### YOUR ASSIGNMENT
Print again, word for word, all of the records below, and leave the pictures out.

** Opening PROVIDED ENTRIES block **

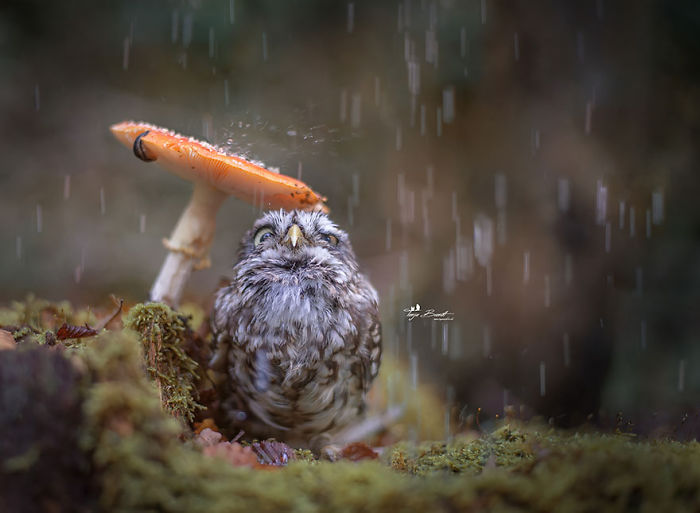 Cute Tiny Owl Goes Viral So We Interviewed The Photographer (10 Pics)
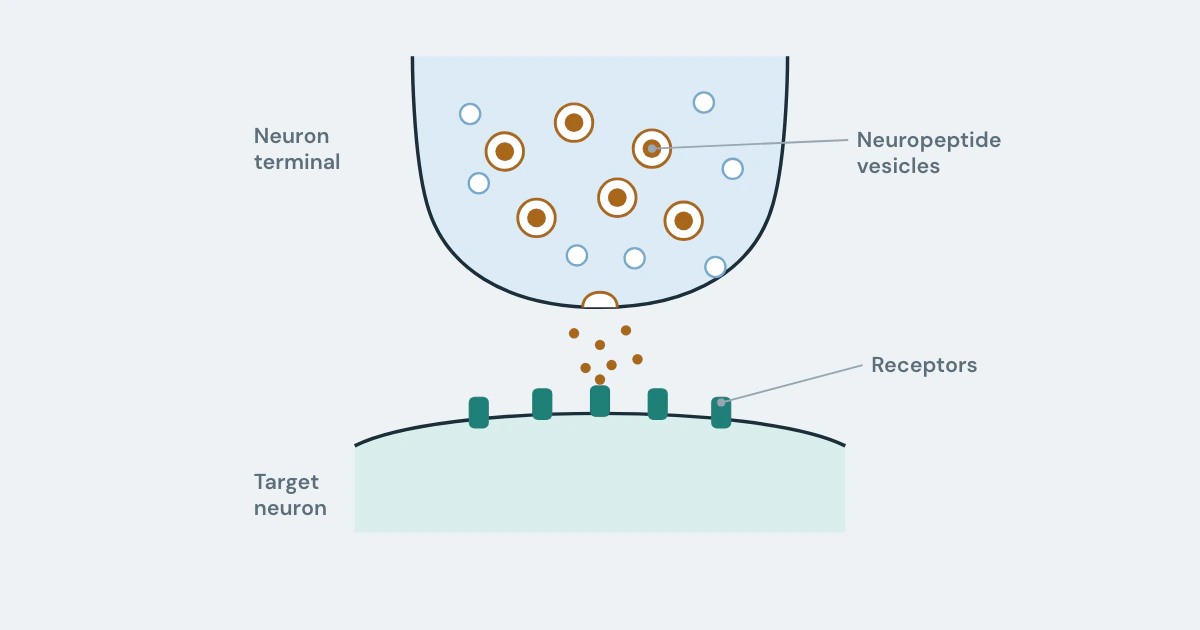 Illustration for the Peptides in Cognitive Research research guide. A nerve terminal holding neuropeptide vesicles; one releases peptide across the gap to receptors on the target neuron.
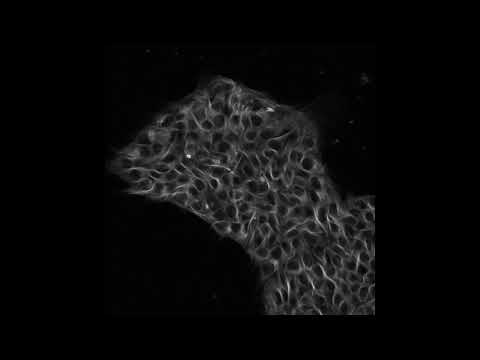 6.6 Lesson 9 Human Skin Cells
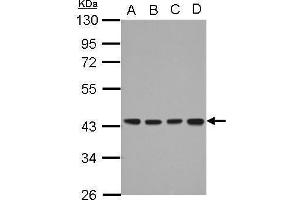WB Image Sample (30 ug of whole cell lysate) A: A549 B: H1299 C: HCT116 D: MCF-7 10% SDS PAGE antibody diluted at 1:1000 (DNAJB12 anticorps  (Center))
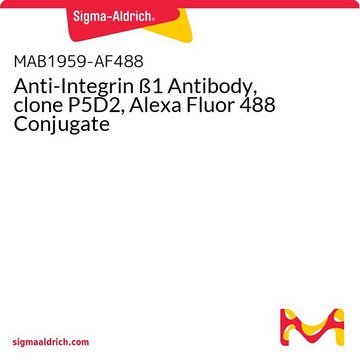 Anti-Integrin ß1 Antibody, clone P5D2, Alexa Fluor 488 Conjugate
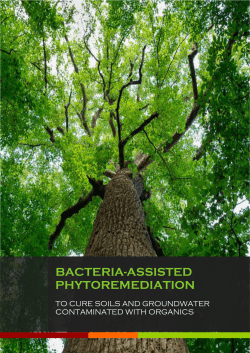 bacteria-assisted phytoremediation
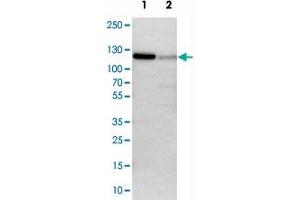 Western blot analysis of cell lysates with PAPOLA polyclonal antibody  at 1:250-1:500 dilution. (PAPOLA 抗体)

** Closing PROVIDED ENTRIES block **

### ANSWER SPACE
 Cute Tiny Owl Goes Viral So We Interviewed The Photographer (10 Pics)
 Illustration for the Peptides in Cognitive Research research guide. A nerve terminal holding neuropeptide vesicles; one releases peptide across the gap to receptors on the target neuron.
 6.6 Lesson 9 Human Skin Cells
WB Image Sample (30 ug of whole cell lysate) A: A549 B: H1299 C: HCT116 D: MCF-7 10% SDS PAGE antibody diluted at 1:1000 (DNAJB12 anticorps  (Center))
 Anti-Integrin ß1 Antibody, clone P5D2, Alexa Fluor 488 Conjugate
 bacteria-assisted phytoremediation
 Western blot analysis of cell lysates with PAPOLA polyclonal antibody  at 1:250-1:500 dilution. (PAPOLA 抗体)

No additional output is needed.